What the task requires
Set the pictures aside and write down, exactly as they appear, the lines from the one containing "Chaps Ralph Lauren Windbreaker Small" through the end of the material.

Dataset content
--

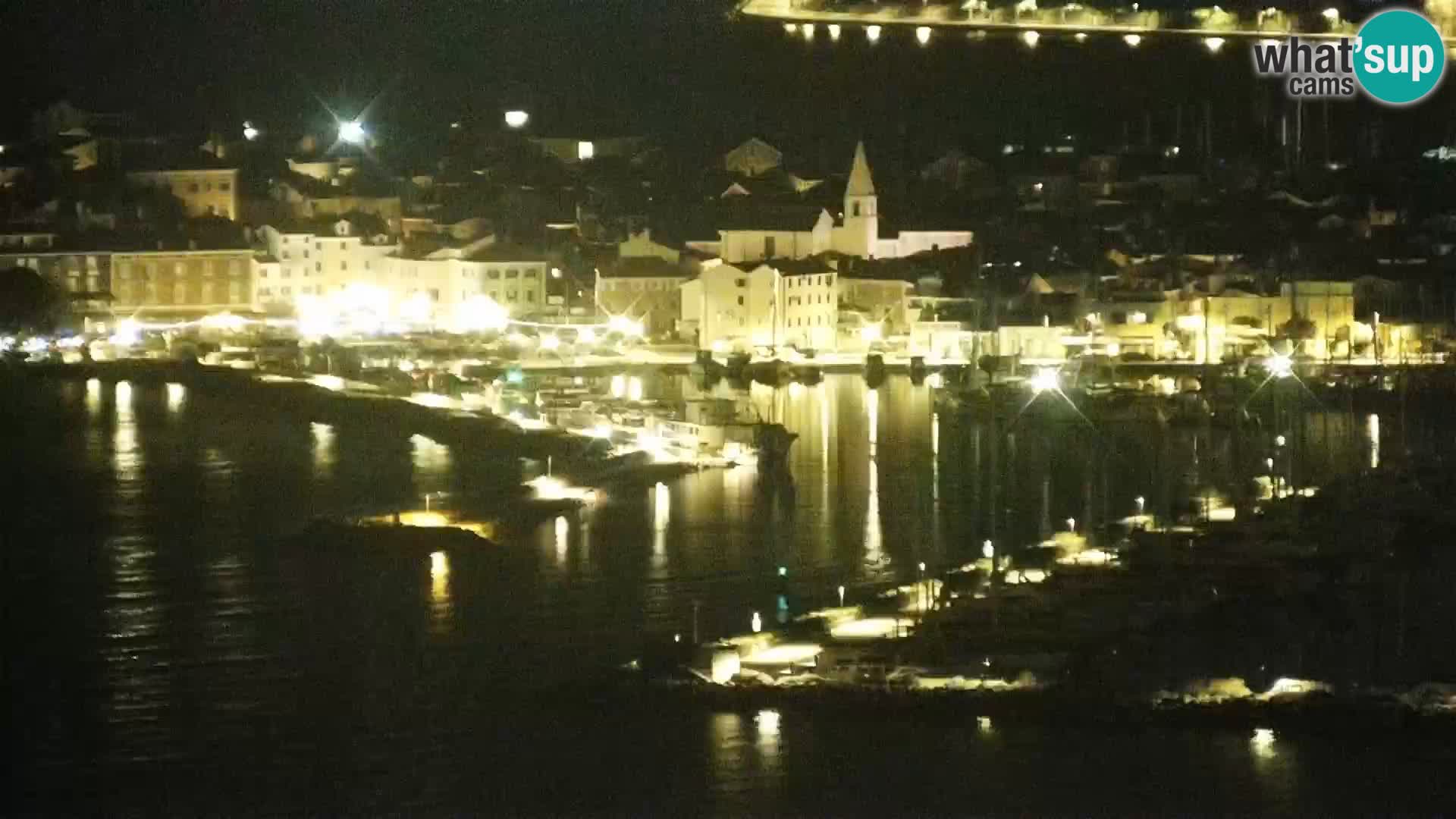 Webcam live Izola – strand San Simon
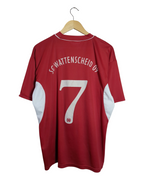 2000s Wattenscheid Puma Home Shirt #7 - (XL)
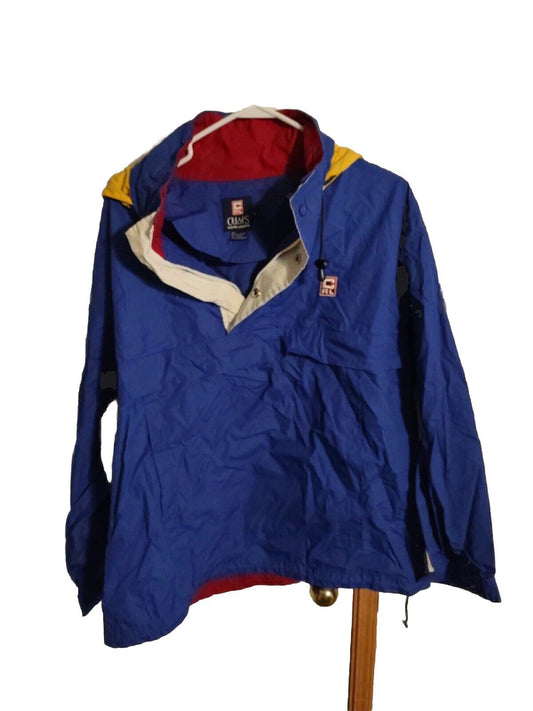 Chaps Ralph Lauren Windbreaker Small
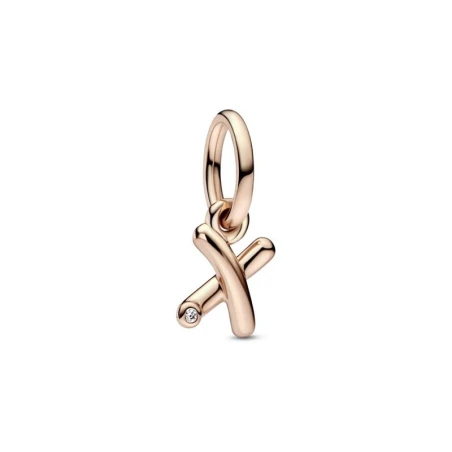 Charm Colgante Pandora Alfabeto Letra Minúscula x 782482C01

--

Completed task
 Chaps Ralph Lauren Windbreaker Small
 Charm Colgante Pandora Alfabeto Letra Minúscula x 782482C01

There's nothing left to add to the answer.